Input data section start
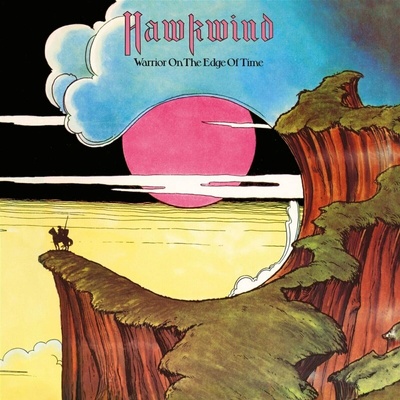 Hawkwind - Warrior On The Edge Of Time (Remastered) LP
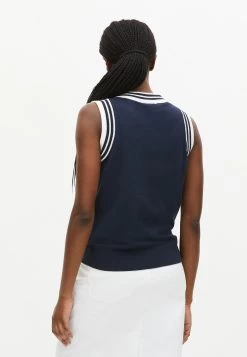 Rohnisch Mae Knitted Vest -Boetiekgolfwinkel 3070021104 3 7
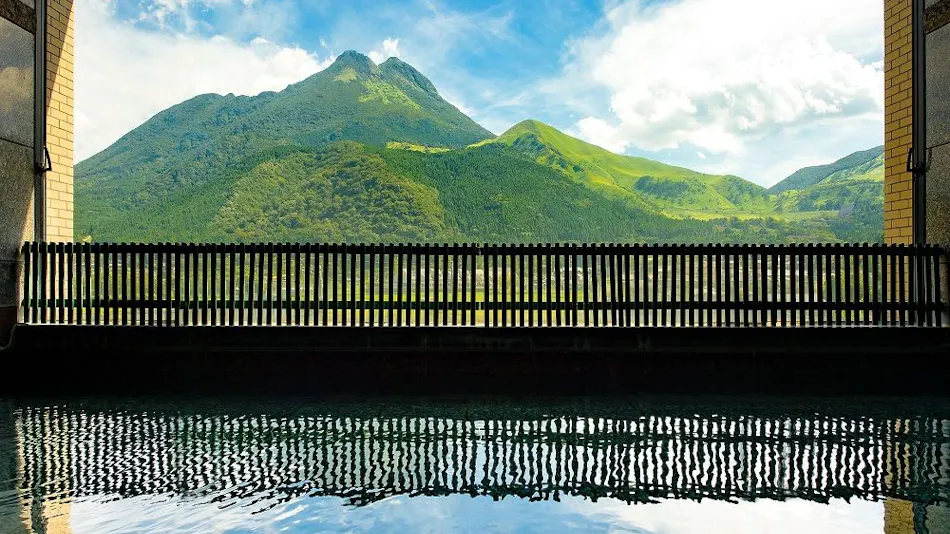 Yufuin Hotel Shuhokan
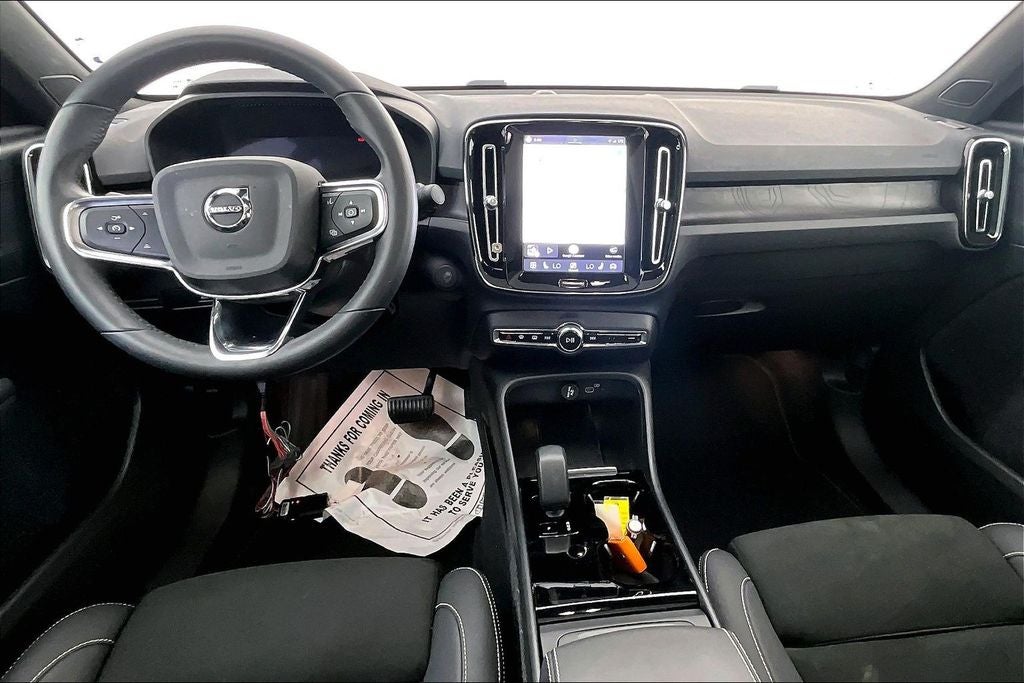 2023 Volvo C40 Recharge Pure Electric Twin Plus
Input data section end
What is needed:
Repeat the material exactly. Any picture in it should be dropped.

Exercise answer:
 Hawkwind - Warrior On The Edge Of Time (Remastered) LP
 Rohnisch Mae Knitted Vest -Boetiekgolfwinkel 3070021104 3 7
 Yufuin Hotel Shuhokan
 2023 Volvo C40 Recharge Pure Electric Twin Plus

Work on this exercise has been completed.